Return exactly the lines from the start of the records below through the line containing "Volcano On Fire", both ends included, and leave out the pictures.
:: INPUT DATA
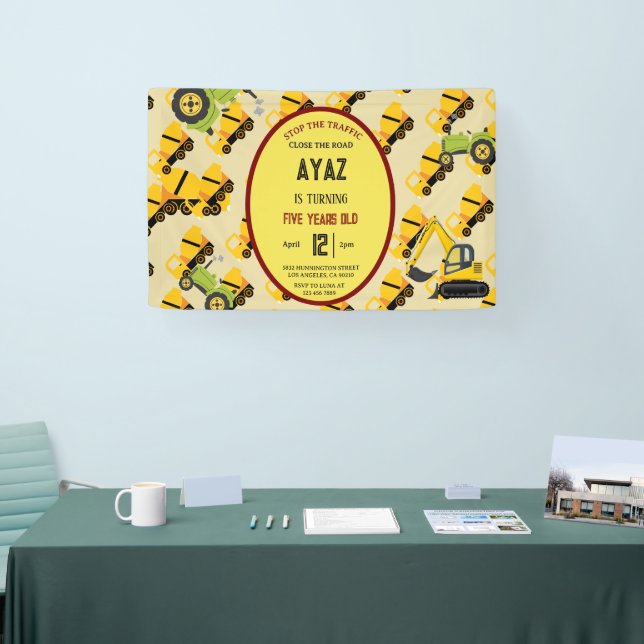 Construction Dump Truck Party Boy Birthday  Banner (Messe)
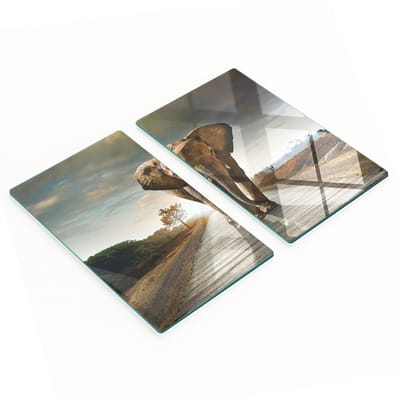 Multifunctionele decoratieve keukenplanken van gehard glas in de vorm van een olifant, 2x30x52 cm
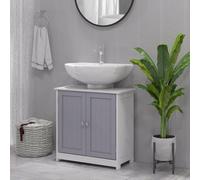 kleankin 60x60cm Under-Sink Storage Cabinet w/ Adjustable Shelf Grey White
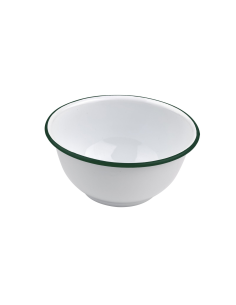 12 Pcs - Bol Enamel blanc en acier émaillé - 1000 ml, Ø 160 mm, H 80 mm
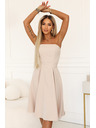 numoco VIVIENNE Korzetnе protezne midi haljine s pojasom - svijetlo bež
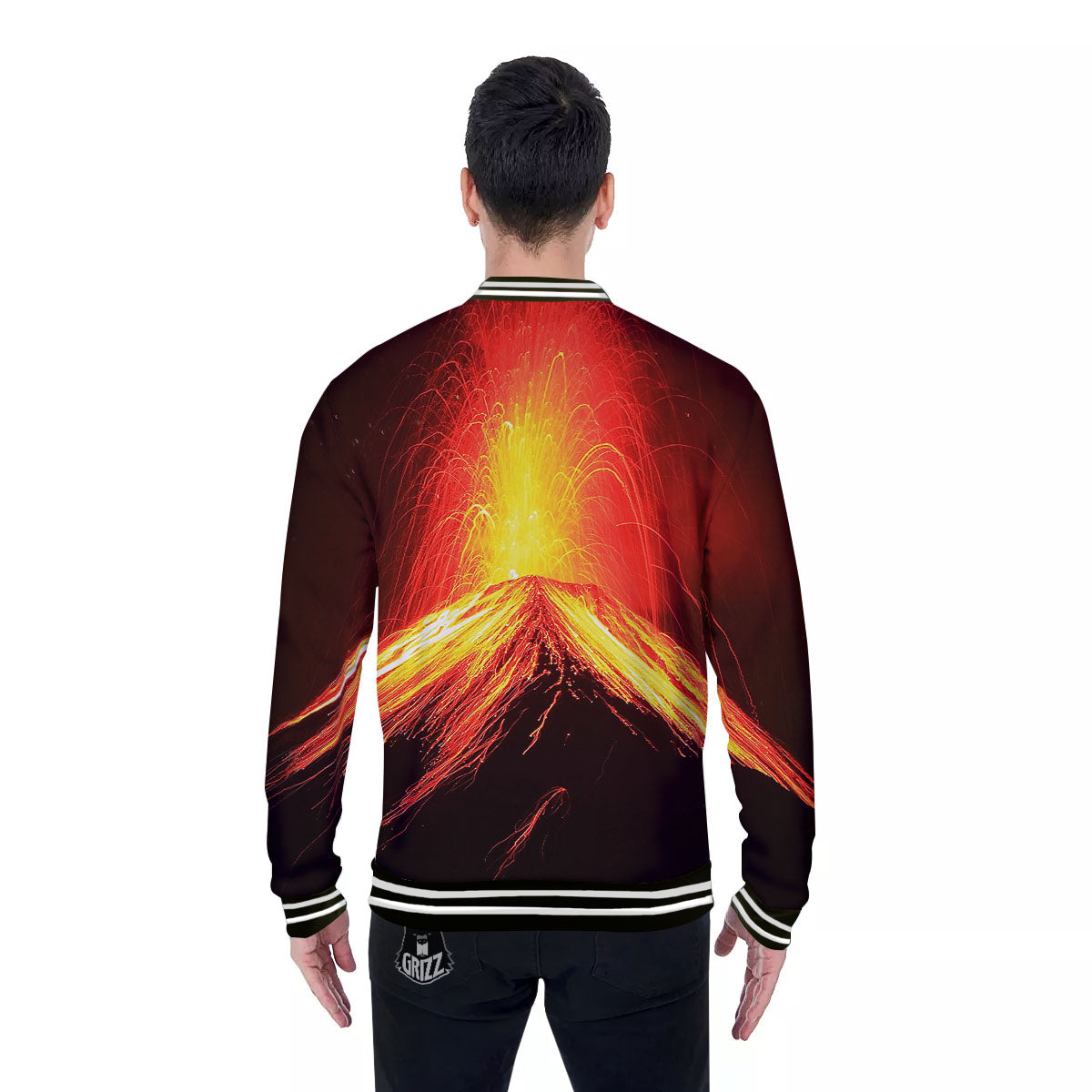Volcano On Fire Print Baseball Jacket-grizzshop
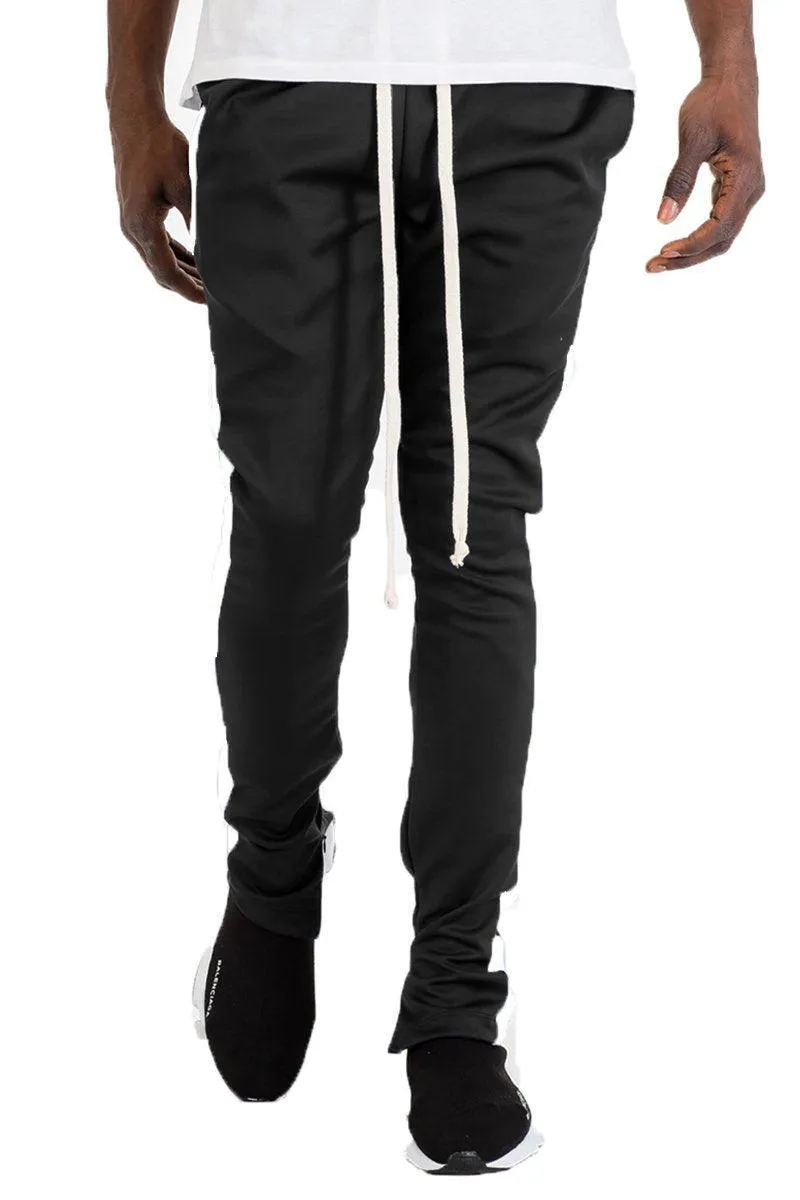 Mens Black White Stripe Slim Fit Track Pants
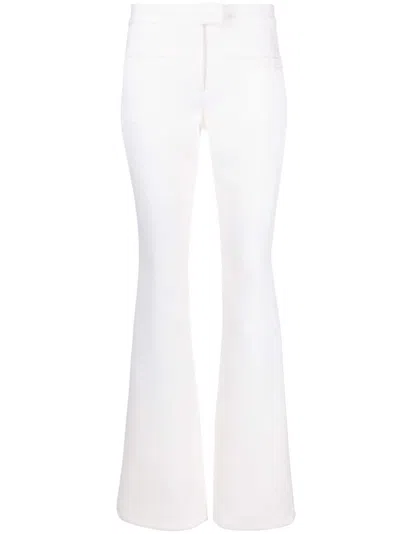 Courrèges Crepe-texture Bootcut Trousers In Neutrals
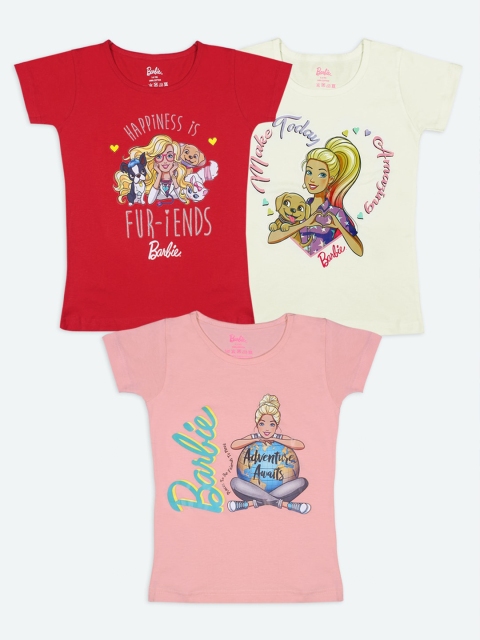 Barbie Girls Multicoloured 3 Printed Round Neck T-shirt, Multi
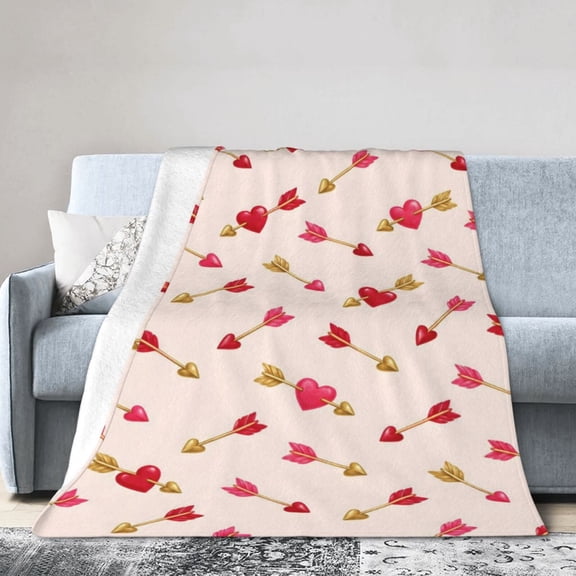 Valentines Day Blanket Heart Arrow Love Soft Cozy Throw Blanket Gift for Women Adults 50x40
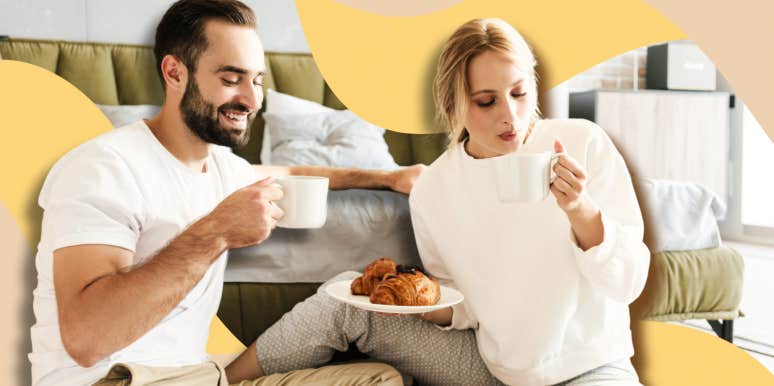 Couple enjoying breakfast and coffee on the floor of their room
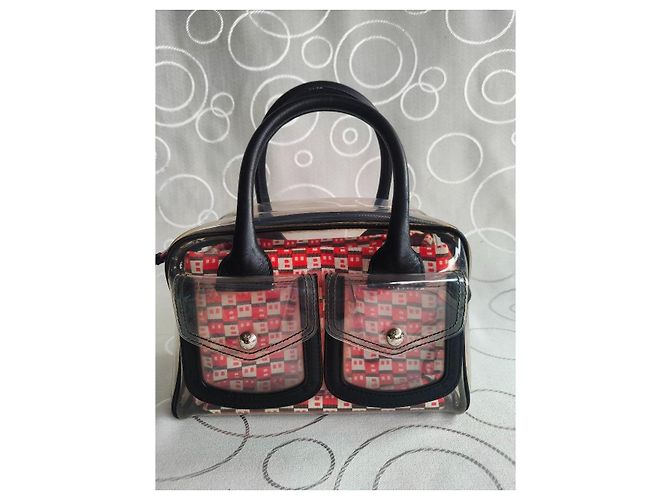 Bally Savanna Bolsa em PVC transparente e couro Marrom Preto Branco Vermelho - vista 5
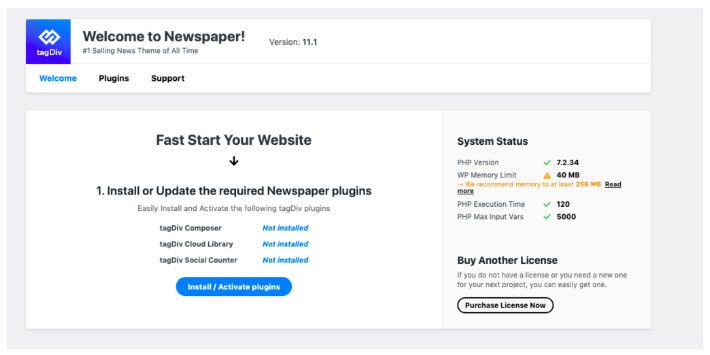 import demo Newspaper WordPress Theme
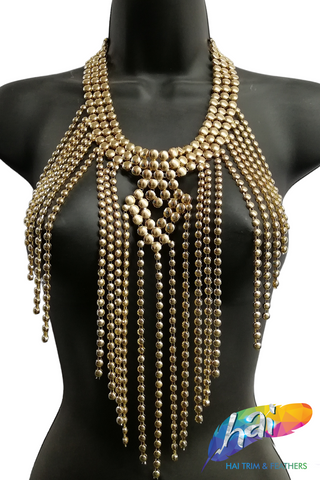 Metallic Gold Bead Chain Neckpiece, NEK-201 (Style D)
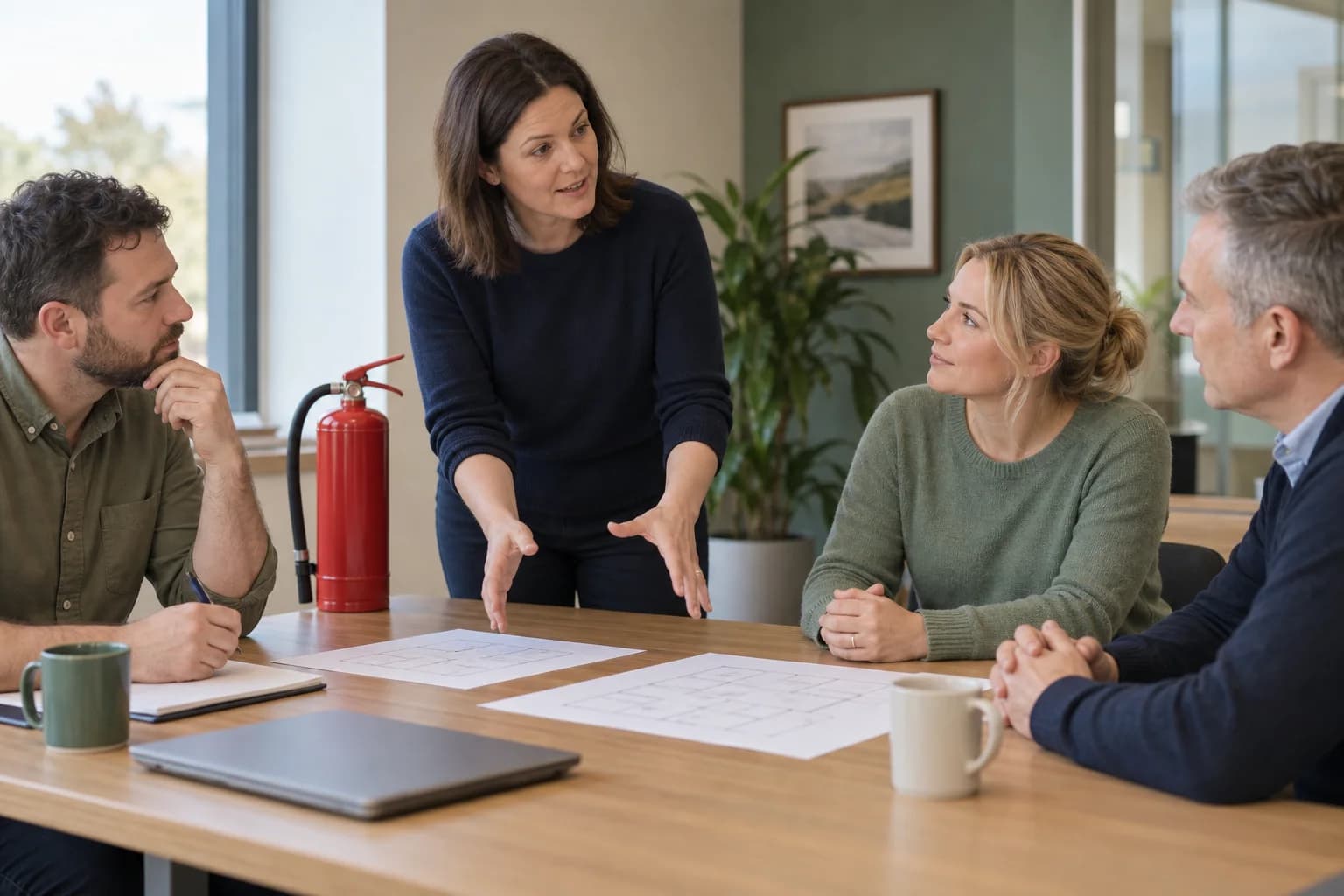 Illustrative workplace fire safety planning discussion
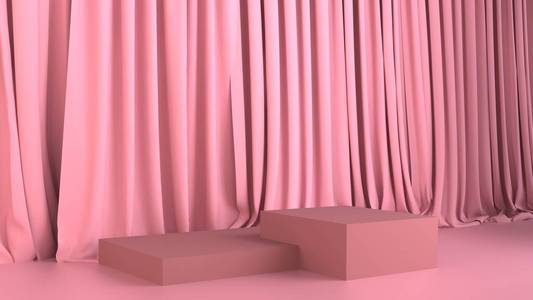 粉色奶油色场景方形讲台最小抽象三维渲染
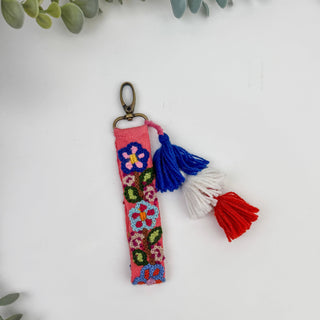 Cottage Bloom Embroidered Wristlet Keychain Charm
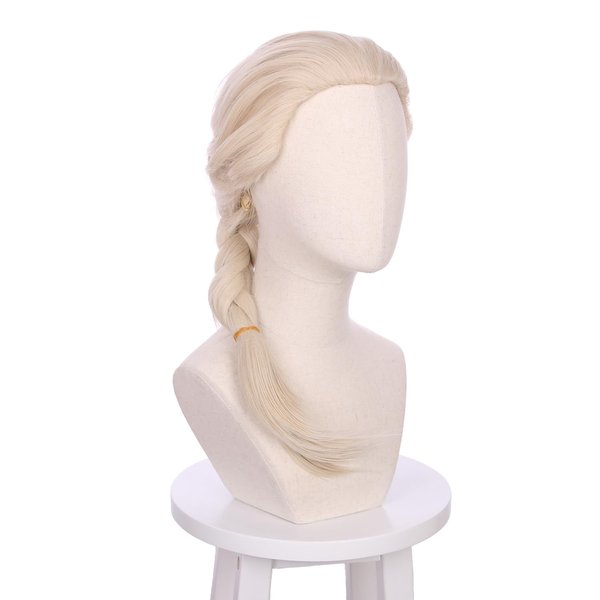 WAVELNM Kids Platinum Wig Child Blonde Braid Wigs Golden Long Braided Wig for Girls Kids Cosplay Wig Synthetic Wigs with Wig Cap
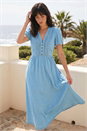 Denim Cotton Crochet Trim Dress, Image 1 of 4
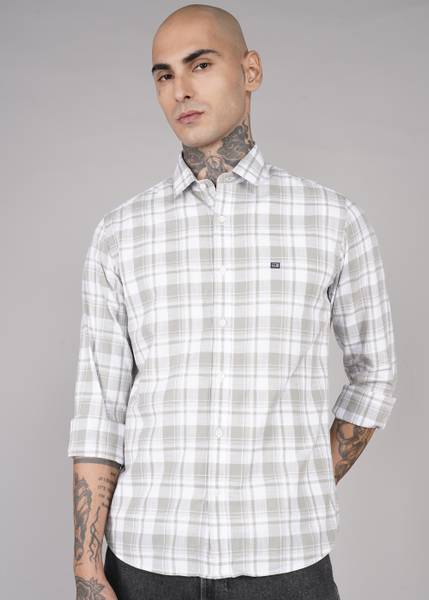 ARROW Men Checkered Casual Grey Shirt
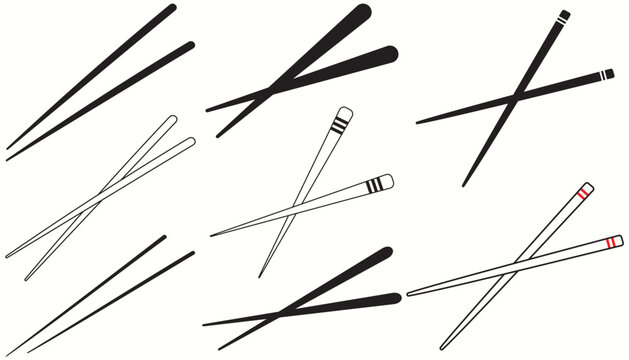 Chinese Chopsticks collection. Restaurant Japanese Chop sticks silhouette, flat vector icon for food apps and websites, simple and clean isolated on white background.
::::
_OUTPUT FOR THIS EXERCISE:_
 Construction Dump Truck Party Boy Birthday  Banner (Messe)
 Multifunctionele decoratieve keukenplanken van gehard glas in de vorm van een olifant, 2x30x52 cm
 kleankin 60x60cm Under-Sink Storage Cabinet w/ Adjustable Shelf Grey White
 12 Pcs - Bol Enamel blanc en acier émaillé - 1000 ml, Ø 160 mm, H 80 mm
 numoco VIVIENNE Korzetnе protezne midi haljine s pojasom - svijetlo bež
Volcano On Fire Print Baseball Jacket-grizzshop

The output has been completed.